Gen Z’s are now the youngest constituents of the workforce, following the millennial generation. They were born in the late 1990s to early 2010s, with the eldest currently aged around 24/25 years. This generation is the workforce of the foreseeable future.
According to recent studies, Gen Z and millennials currently make up approximately 38% of the global workforce and this percentage will rise to about 58% by 2030. For a country like Uganda where 75% of the population are below 30, Gen Z’s comprise the country’s human capital asset to a remarkable extent.
What does this mean for employers and how can they make the most of this generation?
First, it is important to contextualise Gen Z since all generations are shaped by the events that define their times. For example, the so-called Greatest Generation, born during World War II up until the 1940s developed attributes such as patriotism and frugality and have a strong value system characterised by loyalty and perseverance. In Africa, the same can be said of those who lived through the post-independence upheaval of the 1970-80s that was characterised by wars and scarcity of basic commodities. For the millennials and their immediate predecessors, 9/11 and the 2007/2008 economic crisis were defining events as the effects of terrorism and a global recession reverberated throughout the world.
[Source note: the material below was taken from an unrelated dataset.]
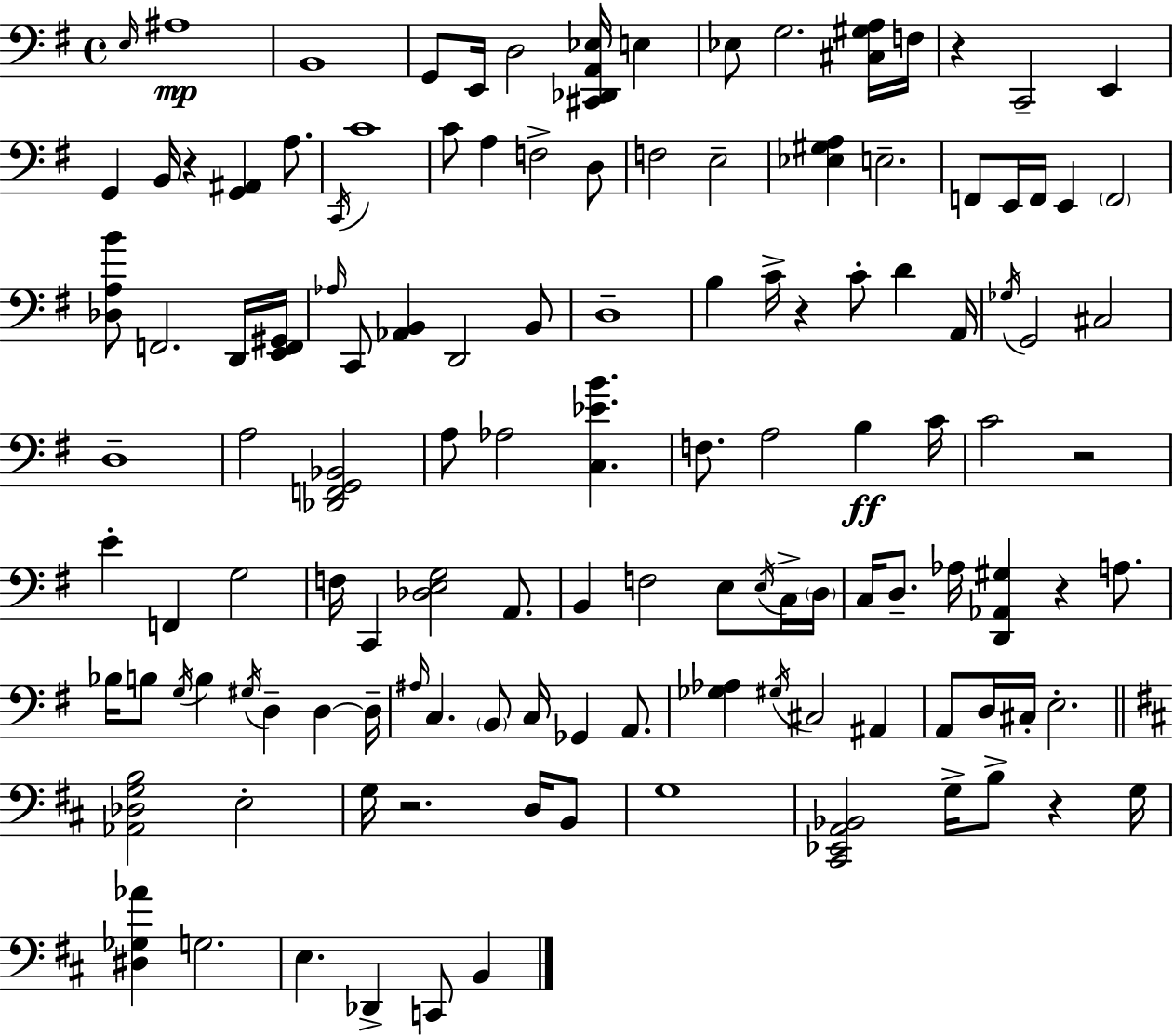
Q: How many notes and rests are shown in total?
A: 125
For Gen Z’s who are just now entering the workforce, their outlook is defined by the disruption caused by the COVID-19 pandemic. As the pandemic took its toll, some businesses froze hiring. Others that did recruit were forced to let people go, as business came to a standstill. Employees lucky enough to hold down a job have had to grapple with remote working and missing out on the hands-on mentoring, training, orientation and assimilation that in-person work provides. With schools closed or operating remotely, the daily interactions and assurances that school provides are limited. For this generation, it can seem as if disruption is the new normal.
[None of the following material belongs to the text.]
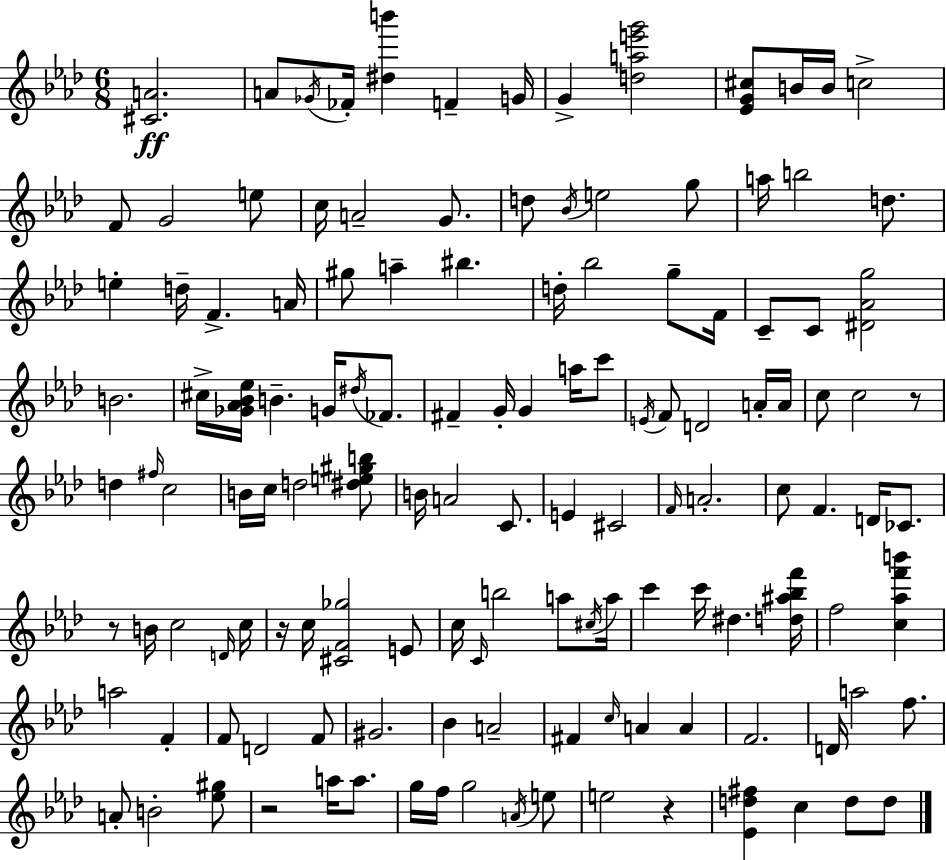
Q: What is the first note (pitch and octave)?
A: A4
Employers need to keep this context in mind as they interact with and empower Gen Z workers, who also have qualities and attributes now that make them well-suited to dynamic, fast-changing environments, opportunities and challenges.
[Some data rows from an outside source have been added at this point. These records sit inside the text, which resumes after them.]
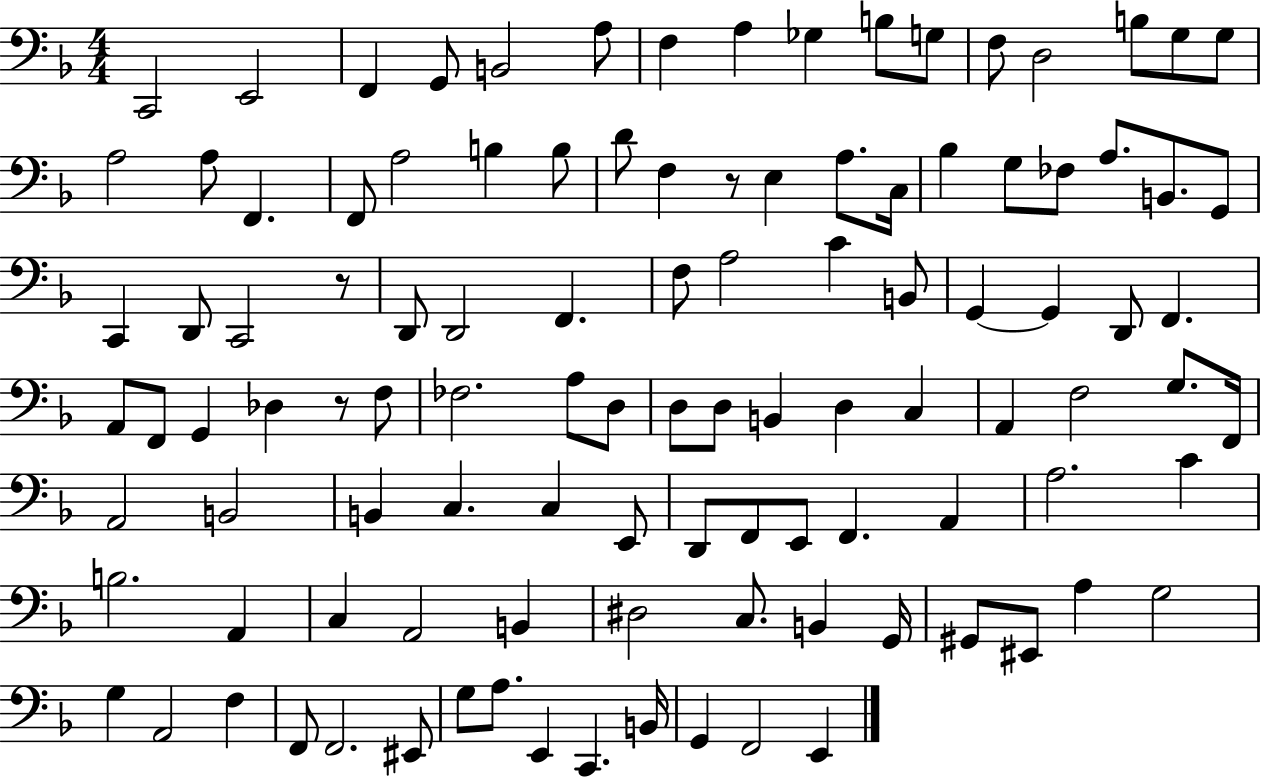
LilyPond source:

{
  \clef bass
  \numericTimeSignature
  \time 4/4
  \key f \major
  c,2 e,2 | f,4 g,8 b,2 a8 | f4 a4 ges4 b8 g8 | f8 d2 b8 g8 g8 | \break a2 a8 f,4. | f,8 a2 b4 b8 | d'8 f4 r8 e4 a8. c16 | bes4 g8 fes8 a8. b,8. g,8 | \break c,4 d,8 c,2 r8 | d,8 d,2 f,4. | f8 a2 c'4 b,8 | g,4~~ g,4 d,8 f,4. | \break a,8 f,8 g,4 des4 r8 f8 | fes2. a8 d8 | d8 d8 b,4 d4 c4 | a,4 f2 g8. f,16 | \break a,2 b,2 | b,4 c4. c4 e,8 | d,8 f,8 e,8 f,4. a,4 | a2. c'4 | \break b2. a,4 | c4 a,2 b,4 | dis2 c8. b,4 g,16 | gis,8 eis,8 a4 g2 | \break g4 a,2 f4 | f,8 f,2. eis,8 | g8 a8. e,4 c,4. b,16 | g,4 f,2 e,4 | \break \bar "|."
}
For example, as a generation that has grown up in the digital and information age, Gen Z’s tend to be adept with technology, even viewing certain platforms and applications as “extensions of themselves”. Much more than “digital natives”, their digital and analogue experiences may not have defined boundaries. They may have a culturally diverse mindset, with broad horizons, but they have experienced diversity from the confines of recent lock-downs – at least in part.
Studies have also shown that Gen Z’s list workplace flexibility as the number-one employee benefit that they seek. Therefore, while remote working maybe a challenge for older generations, members of Gen Z may adapt more quickly to this new way of working.
The current remote working culture limits workplace interactions and so structured mentoring is key to ensuring that new hires are coached and guided to internalize the organisation’s culture. Digitally enhanced learning opportunities and intentional mentorships between younger and more senior employees will help Gen Z’s to adjust.
This learning should be a two-way process; as more senior employees mentor Gen Z’s, they too can benefit from these interactions and the adaptability and digital fluency common amongst Gen Z employees.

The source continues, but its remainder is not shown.